→ **Your objective**:
From the first line to the last, restate the material word for word; pictures stay out.

→ **Input data**:
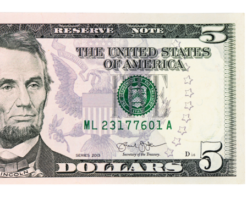 Remove term: Buy Counterfeit $5 USD Bills For Sale Buy Counterfeit $5 USD Bills For SaleRemove term: Buy Counterfeit $5 USD Bills Online sale Buy Counterfeit $5 USD Bills Online saleRemove term: buy secure buy USD fake bills for sale buy secure buy USD fake bills for saleRemove term: Buy secure Counterfeit $5 USD Bills For Sale Buy secure Counterfeit $5 USD Bills For SaleRemove term: buy USD fake bills for sale buy USD fake bills for saleRemove term: buy USD fake bills for sale online buy USD fake bills for sale onlineRemove term: secure buy USD fake bills for sale secure buy USD fake bills for saleRemove term: Buy Counterfeit Dollar Bills Online sale Buy Counterfeit Dollar Bills Online saleRemove term: Buy Counterfeit Dollar Bills Online sale securely Buy Counterfeit Dollar Bills Online sale securelyRemove term: Buy Counterfeit Dollar Bills Online for sale Buy Counterfeit Dollar Bills Online for sale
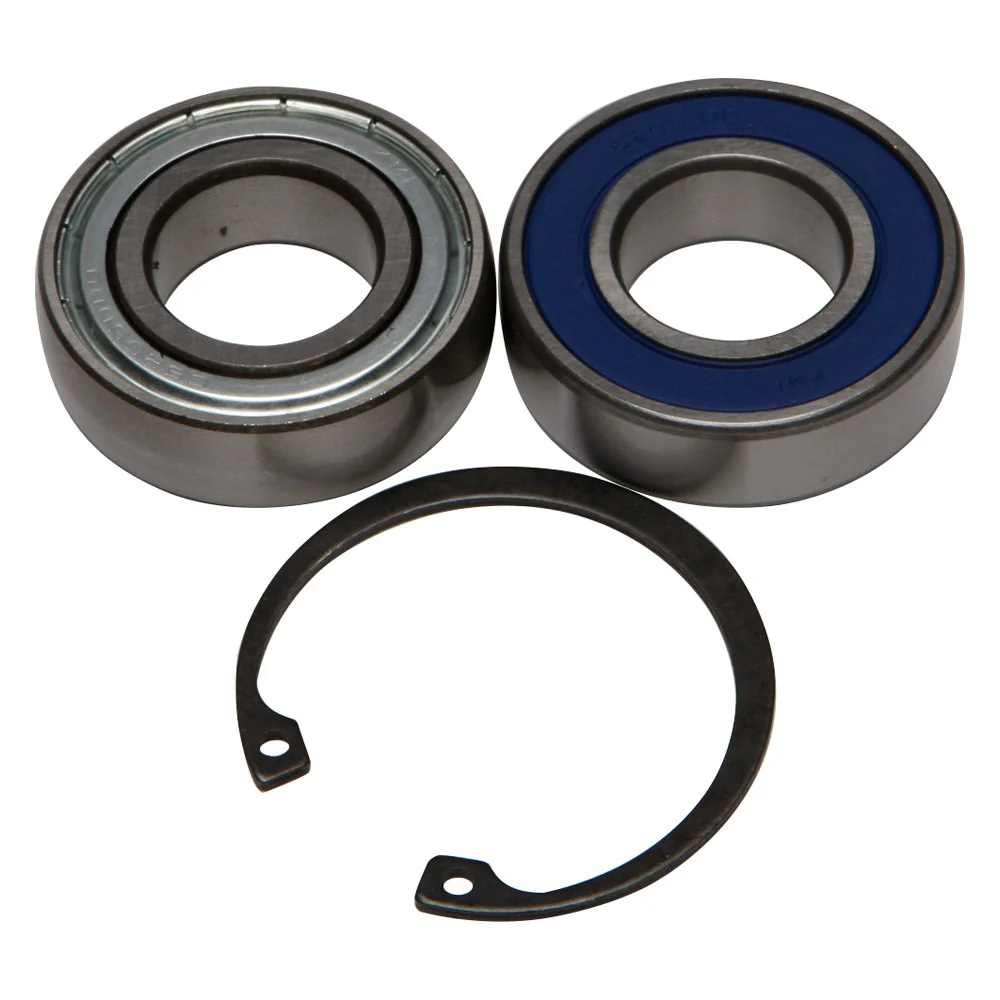 Product image 59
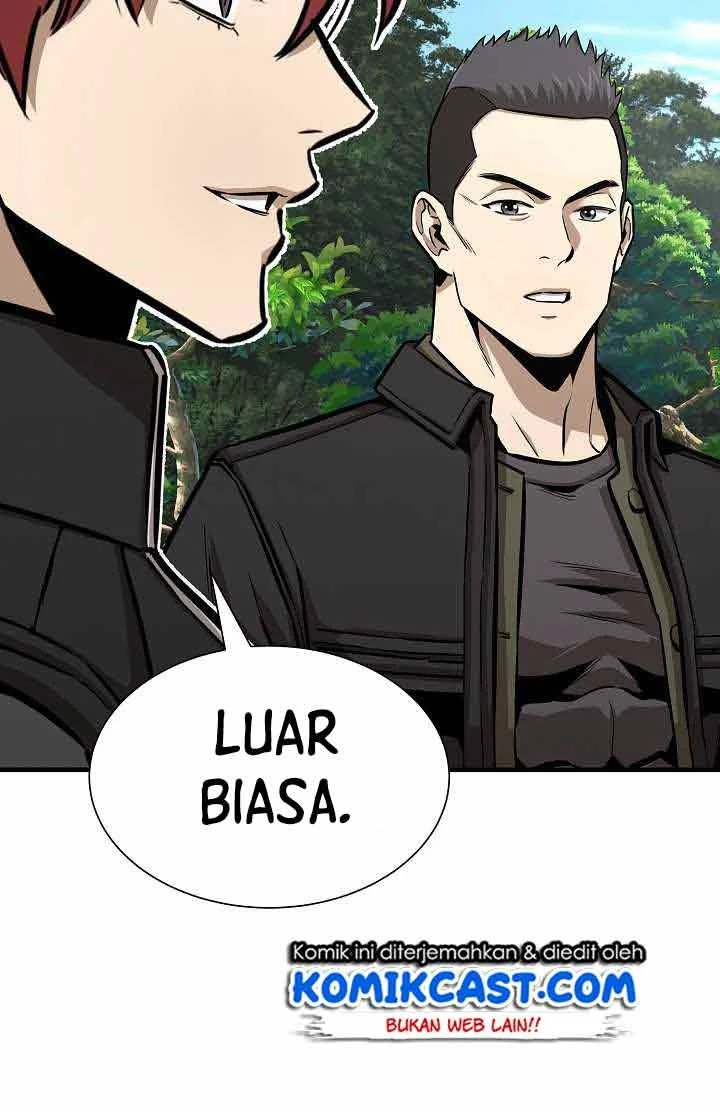 Chapter 98 - halaman 27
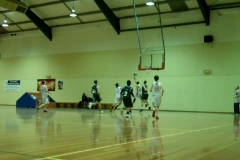 40.26 kell circus shot 2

→ **Written solution**:
 Remove term: Buy Counterfeit $5 USD Bills For Sale Buy Counterfeit $5 USD Bills For SaleRemove term: Buy Counterfeit $5 USD Bills Online sale Buy Counterfeit $5 USD Bills Online saleRemove term: buy secure buy USD fake bills for sale buy secure buy USD fake bills for saleRemove term: Buy secure Counterfeit $5 USD Bills For Sale Buy secure Counterfeit $5 USD Bills For SaleRemove term: buy USD fake bills for sale buy USD fake bills for saleRemove term: buy USD fake bills for sale online buy USD fake bills for sale onlineRemove term: secure buy USD fake bills for sale secure buy USD fake bills for saleRemove term: Buy Counterfeit Dollar Bills Online sale Buy Counterfeit Dollar Bills Online saleRemove term: Buy Counterfeit Dollar Bills Online sale securely Buy Counterfeit Dollar Bills Online sale securelyRemove term: Buy Counterfeit Dollar Bills Online for sale Buy Counterfeit Dollar Bills Online for sale
 Product image 59
 Chapter 98 - halaman 27
 40.26 kell circus shot 2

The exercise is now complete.